This fall-inspired pasta dish is filled with sweet, spicy, and buttery delicious flavor.
Road trips, especially those where one ends up stuck on the New Jersey Turnpike Extension for an hour with little to no forward movement and a very narrow window of time in which one must traverse the 100+ miles between New York City and Wilmington, Delaware, require caffeinated beverages with all the frills.
And that, my friends, is how I lost my pumpkin spice latte virginity this weekend.
With Pink Floyd and/or Led Zeppelin and/or Elton John blasting in the background (the.boy’s road trip music of choice), I took that first naive, hopeful, expectant sip.
And it was good? Okay?
I don’t know. It’s probably my fault for building it up for this long. But the whole thing was a bit underwhelming. I think I’ll just stick to eating my fall flavors from now on.
Case in point. This here pasta is the first dish I’ve made this fall featuring butternut squash, and it was a mouthful. Of awesome.
Caramelized roasted squash tossed with nutty hazelnuts, a hint of spice, and cute little pasta ears. All in a buttery sauce. Without the butter.
Yes. It’s the real deal.
STAR Fine Foods sent me a bottle of their new Butter Flavored Olive Oil to try and it is perfect in dishes like this where you want that rich buttery flavor, but without all the saturated fat. This olive oil, which still contains all the health benefits of consuming regular olive oil, is kind of a win/win situation in that sense. And since we know we’ll all be eating our weight in pumpkin baked goods soon, it’s perhaps best if we save our butter allowance for those situations and leave our dinner sauces in the hands of the healthier fat.

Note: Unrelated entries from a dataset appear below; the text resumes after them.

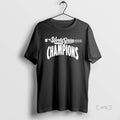 Officials Los Angeles Dodgers 2025 World Series Champions Trophy Two Sided Premium T Shirt Sweater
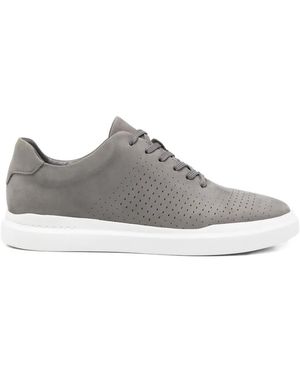 SERGIO MORETTI FIRENZE Baskets En Cuir À Détails De Perforations - White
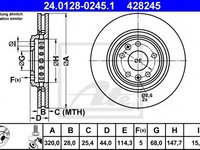 Disc frana RENAULT GRAND SCENIC III (JZ0/1) (2009 - 2016) ATE 24.0128-0245.1 piesa NOUA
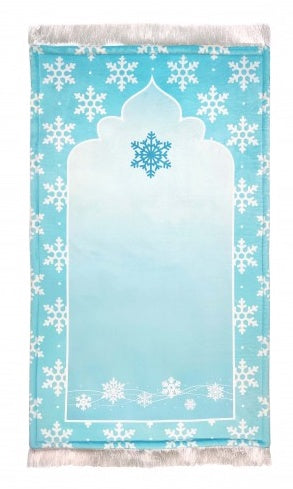 Snow Crystal Prayer Mat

Disclosure: While I received a bottle of STAR Fine Foods Butter Flavored Olive Oil for free, I was not given any sort of monetary compensation, and my thoughts and opinions on the product, as always, are my own.
Three years ago…Murgh Korma
- ¼ cup hazelnuts
- 1 lb orecchiette
- salt, to taste
- 2 tbsp olive oil
- 1 medium butternut squash, peeled and cut into ½" pieces
- 2 garlic cloves, thinly sliced
- ½ tsp red pepper flakes, divided
- ¼ cup unsalted butter or 4 tbsp butter-flavored olive oil
- 1 tbsp lemon juice
- ¼ cup grated parmesan cheese
- 4 tbsp torn fresh mint
- black pepper, to taste
- Preheat the oven to 350. Spread the hazelnuts out on a baking sheet and let roast for about 5 minutes, tossing halfway. Let cool. Chop coarsely and set aside.
- Set up the pasta water to boil and cook according to package directions, reserving a cup of water.
- Toss the butternut squash with 2 tbsp olive oil, ¼ tsp red pepper flakes, and salt and pepper to taste. place on a parchment-lined baking sheet and roast for 30 minutes, or until tender.
- Heat the butter or butter-flavored olive oil in a small pan over medium heat. Add in the garlic and saute until just turning brown. Add in ½ cup cooking water. Stir and reduce until it forms a glossy sauce.
- Toss together the pasta, squash, and sauce in a large bowl. Stir in the lemon juice, parmesan, half of the mint and the remaining red pepper flakes. Season to taste with salt and pepper.
- Serve topped with the hazelnuts and remaining mint.